Con il quarto motivo di ricorso si censura la decisione della Corte di appello per violazione dell’articolo 2527 c.c. (nel testo vigente all’epoca dei fatti) e degli artt. 101 c.p.c. e 24, 101, 111 della Costituzione per avere integrato il provvedimento di esclusione con le dichiarazioni rese in giudizio dagli amministratori, assumendo la compatibilità della carica di sindaco supplente con lo status soci, espressamente esclusa nel citato provvedimento.

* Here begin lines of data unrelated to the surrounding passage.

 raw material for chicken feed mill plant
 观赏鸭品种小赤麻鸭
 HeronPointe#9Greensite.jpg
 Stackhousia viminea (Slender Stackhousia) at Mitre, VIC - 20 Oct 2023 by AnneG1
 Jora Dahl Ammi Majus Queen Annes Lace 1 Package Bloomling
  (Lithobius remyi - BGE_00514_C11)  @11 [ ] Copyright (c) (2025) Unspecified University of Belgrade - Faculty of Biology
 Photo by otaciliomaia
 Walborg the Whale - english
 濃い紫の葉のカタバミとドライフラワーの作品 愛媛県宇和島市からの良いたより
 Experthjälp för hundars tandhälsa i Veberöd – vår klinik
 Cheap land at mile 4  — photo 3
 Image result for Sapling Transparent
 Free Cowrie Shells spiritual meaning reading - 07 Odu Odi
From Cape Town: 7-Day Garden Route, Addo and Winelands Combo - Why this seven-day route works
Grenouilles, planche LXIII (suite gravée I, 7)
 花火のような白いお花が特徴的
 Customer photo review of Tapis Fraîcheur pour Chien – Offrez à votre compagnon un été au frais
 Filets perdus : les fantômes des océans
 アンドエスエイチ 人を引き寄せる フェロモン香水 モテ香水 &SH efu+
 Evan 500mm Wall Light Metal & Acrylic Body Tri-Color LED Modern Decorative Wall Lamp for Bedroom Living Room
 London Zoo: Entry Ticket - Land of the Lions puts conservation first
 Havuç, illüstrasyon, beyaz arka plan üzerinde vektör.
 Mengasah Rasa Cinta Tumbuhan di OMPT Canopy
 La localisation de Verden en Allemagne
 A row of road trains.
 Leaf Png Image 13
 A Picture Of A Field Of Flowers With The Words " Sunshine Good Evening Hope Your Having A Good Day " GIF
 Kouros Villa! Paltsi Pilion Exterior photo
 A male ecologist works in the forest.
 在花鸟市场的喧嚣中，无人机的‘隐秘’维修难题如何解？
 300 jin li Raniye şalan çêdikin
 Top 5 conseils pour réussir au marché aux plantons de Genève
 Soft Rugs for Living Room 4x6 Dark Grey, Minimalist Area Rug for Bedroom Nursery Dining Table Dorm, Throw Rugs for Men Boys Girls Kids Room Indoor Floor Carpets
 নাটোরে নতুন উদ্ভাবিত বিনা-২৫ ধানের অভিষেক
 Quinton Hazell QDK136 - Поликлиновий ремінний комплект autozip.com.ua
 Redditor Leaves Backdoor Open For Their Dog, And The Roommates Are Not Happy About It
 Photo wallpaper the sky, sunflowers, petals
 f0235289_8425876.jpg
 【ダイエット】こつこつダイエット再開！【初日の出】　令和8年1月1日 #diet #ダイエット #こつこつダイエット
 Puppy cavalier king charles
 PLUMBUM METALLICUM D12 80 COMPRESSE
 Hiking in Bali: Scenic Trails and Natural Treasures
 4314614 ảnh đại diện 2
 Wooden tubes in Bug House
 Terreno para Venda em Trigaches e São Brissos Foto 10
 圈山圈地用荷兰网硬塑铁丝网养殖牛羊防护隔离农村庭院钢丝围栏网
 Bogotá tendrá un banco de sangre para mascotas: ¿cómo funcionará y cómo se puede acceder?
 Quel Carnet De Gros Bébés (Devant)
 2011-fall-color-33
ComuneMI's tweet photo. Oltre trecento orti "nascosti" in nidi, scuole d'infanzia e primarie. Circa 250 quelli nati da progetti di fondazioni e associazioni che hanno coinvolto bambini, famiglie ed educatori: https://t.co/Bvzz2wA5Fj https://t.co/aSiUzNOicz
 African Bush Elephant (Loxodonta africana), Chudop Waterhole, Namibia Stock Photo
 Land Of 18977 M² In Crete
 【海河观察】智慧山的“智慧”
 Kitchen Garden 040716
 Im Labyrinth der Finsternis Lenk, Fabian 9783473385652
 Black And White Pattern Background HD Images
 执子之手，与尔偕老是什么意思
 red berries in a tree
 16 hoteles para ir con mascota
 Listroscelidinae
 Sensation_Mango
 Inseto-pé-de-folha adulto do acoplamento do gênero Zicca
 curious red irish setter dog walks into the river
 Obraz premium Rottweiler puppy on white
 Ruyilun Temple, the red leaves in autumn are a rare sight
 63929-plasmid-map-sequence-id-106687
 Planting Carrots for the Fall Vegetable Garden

I due motivi – che possono essere esaminati congiuntamente per la loro stretta connessione fattuale e giuridica – sono privi di fondamento dato che la Corte di appello non ha affatto escluso la legittimità dell’esclusione dalla società in base alla dichiarazione resa in giudizio dagli amministratori ma ha correttamente rilevato che la mancata comunicazione tempestiva della assunzione della qualità di sindaco supplente non rientrava fra le contestazioni comunicate al C. con la delibera di esclusione.
Con il quinto motivo di ricorso si censura la decisione impugnata per avere apprezzato nel merito la gravità e l’intollerabilità delle conseguenze pregiudizievoli derivate alla cooperativa, sostituendosi alla discrezionalità dell’organo amministrativo ed esercitando poteri gestionali.
Anche questo motivo è del tutto infondato perché la Corte di appello si è attenuta a una interpretazione testuale e rigorosa dello statuto e non ha affatto sostituito la sua valutazione a quella riservata alla sfera discrezionale propria degli organi societari.
Con il sesto motivo si deduce erroneità della sentenza impugnata anche nella parte in cui ha condannato la cooperativa S. al pagamento delle spese relative ai gradi in cui era risultata vittoriosa.
Il motivo va respinto alla luce della giurisprudenza di questa Corte secondo cui, in tema di liquidazione delle spese, per la ipotesi di cassazione della sentenza, il giudice del rinvio, cui la causa sia stata rimessa anche per provvedere sulle spese del giudizio di legittimità, deve attenersi al principio della soccombenza applicato all’esito globale del processo, piuttosto che ai diversi gradi del giudizio e al loro risultato, con la conseguenza che la parte vittoriosa nel giudizio di cassazione e tuttavia soccombente in rapporto all’esito finale della lite, può essere legittimamente condannata al rimborso delle spese in favore dell’altra parte anche per il grado di cassazione (Cass. civ., sezione 2, n. 14619 del 17 giugno 2010 e n. 2634 del 7 febbraio 2007; Cass. civ., sezione 3, n. 4909 del 10 marzo 2004, Cass. civ. sezione 1, n. 12082 del 22 novembre 1995).
P.Q.M.
La Corte rigetta il ricorso, e condanna la società ricorrente al pagamento delle spese processuali del giudizio di cassazione che liquida in complessivi Euro 2.200 di cui 100 per spese.